I was alone. With no WiFi to YouTube directions. No partners to ask for assistance and lets face it, if I had neighbors I’d of been too prideful to ask for help. I wanted to this on my own. Even if it crashed and burned (like I had wished my fire would).
I finally laid down in my hammock, pitch dark and too dark for me to read like I’d wanted to, but every single star made me sigh out in relief.
All the little things that didn’t go according to plan didn’t matter anymore. I was here. In the wilderness. Alone. The earth was settling like an old house. Creaks and snaps on the forest floor, nestling into place for the night. The air hummed with far off planes but all I could see was inky black and crushed velvet blue sky.
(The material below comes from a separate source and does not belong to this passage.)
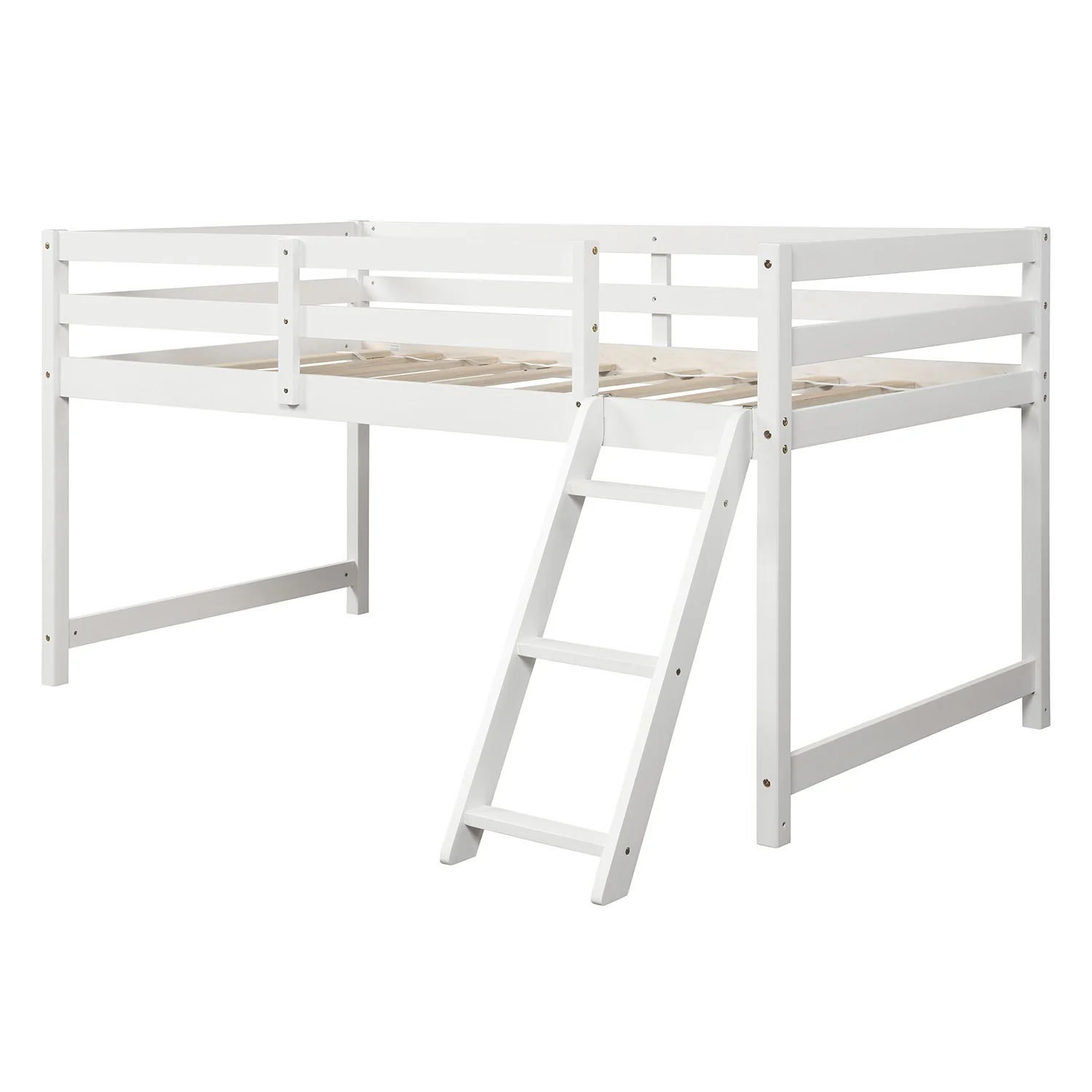 White Twin Size Full Size Bunk Bed By Homeroots - Image 7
When your eyes adjust you can see galaxies. Milky Way sprawls over the sky like a thin layer of lace; the atmosphere hole punched with glimmering stars. Light years away, dying out but really coming alive, their trails reminding us there is hope.
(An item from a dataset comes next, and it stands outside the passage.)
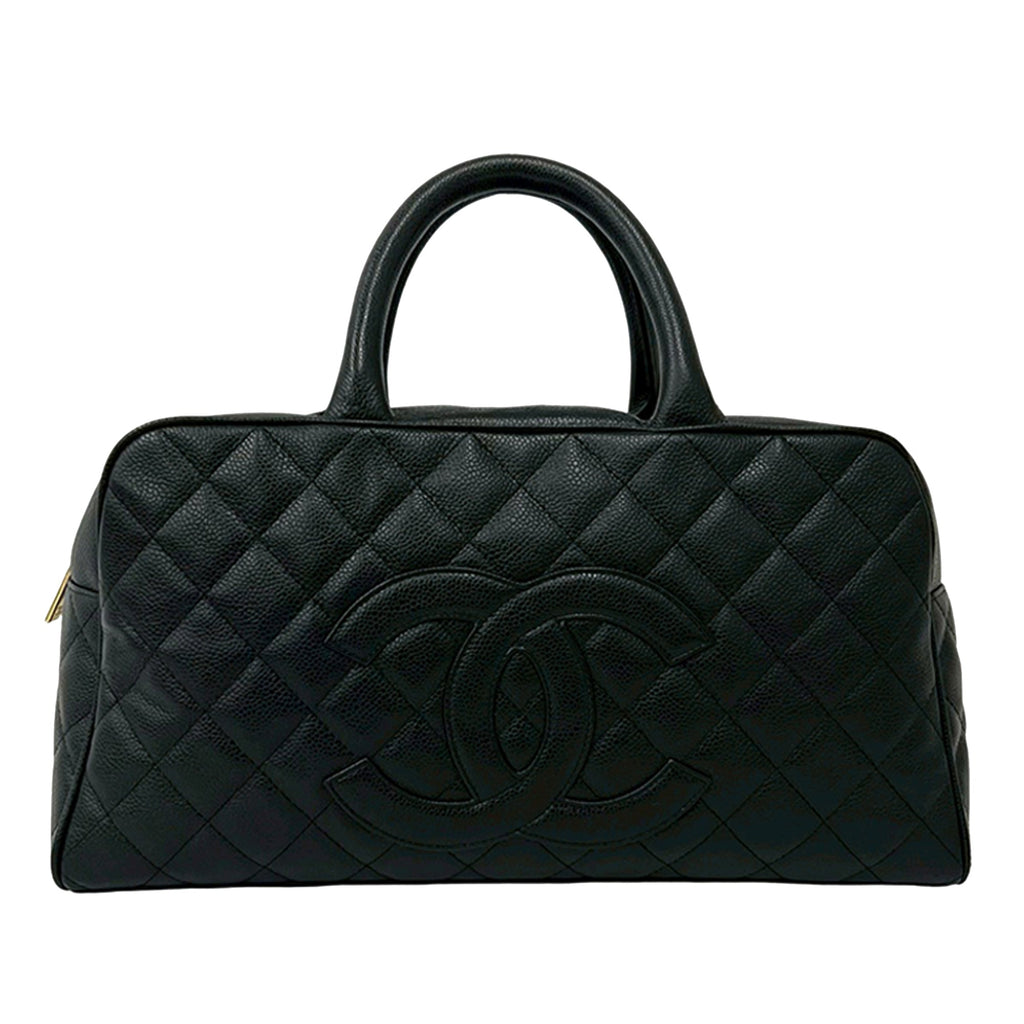 Large CC Quilted Caviar Bowler Bag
Most people would think I’m crazy to do this. To disconnect. To be in complete solitude. As a woman, to set up camp and put myself in complete vulnerability — in an open hammock. What they don’t know is how empowering it is. To take off and drive, watching your cell service flicker in and out until it’s completely desolate. To pack your food, your supplies and feel confident you can do this. You can do anything. What they don’t tell you is how much deeper your breaths are, how much clearer your mind is, how much more in tune with your thoughts and your surroundings you become. I’d drive a thousand miles for this feeling of complete connection with the wilderness.
There’s so much out here that is bigger than me. Here is where I talk to God. Asking Him where I’m supposed to go, where he wants me to be lead. It usually comes back to sharing my heart, which terrifies me. But this is raw and it is real. While telling stories, writing about experiences comes naturally, it is petrifying. My heart bleeds on to paper and I’m asking people to accept this sometimes mangled, grizzly part of me that tends to have tiny morsels of beauty to describe. I’m just out here to trying to bottle up every feelings, sensation and experience I can and inspire others to seek outside the boundaries of cities and sidewalks.”
I reread those words and go right back to that moment. I nestled in, fell asleep to the sounds of hooves, whistling wind and the far of hootie-hoos of owls perched atop their branches. I woke up at 2am, frigid in my bag. My blankets had slipped off and my toes were nearly numb. I tried to sleep, but minutes ticked by feeling like hours. I slowly stood up and began to pack up my gear. I sat in my car with the lights off, heat on high, waiting for my body to defrost. The lime colored numbers read 3:30, gleaming on the dash, taunting me that I wasn’t getting back to sleep.
i had wanted to hike Inner Basin to Humphrey’s Peak the next morning. A 16 mile trek through the forest, which I could not wrap my mind around after hardly any sleep. I turned the ignition and drove back down the winding mountain sides. Once I hit pavement, I drove towards Sedona to hike for sunrise. I was not about to let this experience be a total bust. I picked a random hike without reading much about it and took on Bear Mountain for the first time. I summited just as the sky was coming alive. The hues were so vivid from that mountain top, hot air balloons dancing in the sun flares. I couldn’t stop smiling. I couldn’t stop saying “wow” out loud to myself. I couldn’t have felt more alive. I was doing this, all of this, on my own. Alone.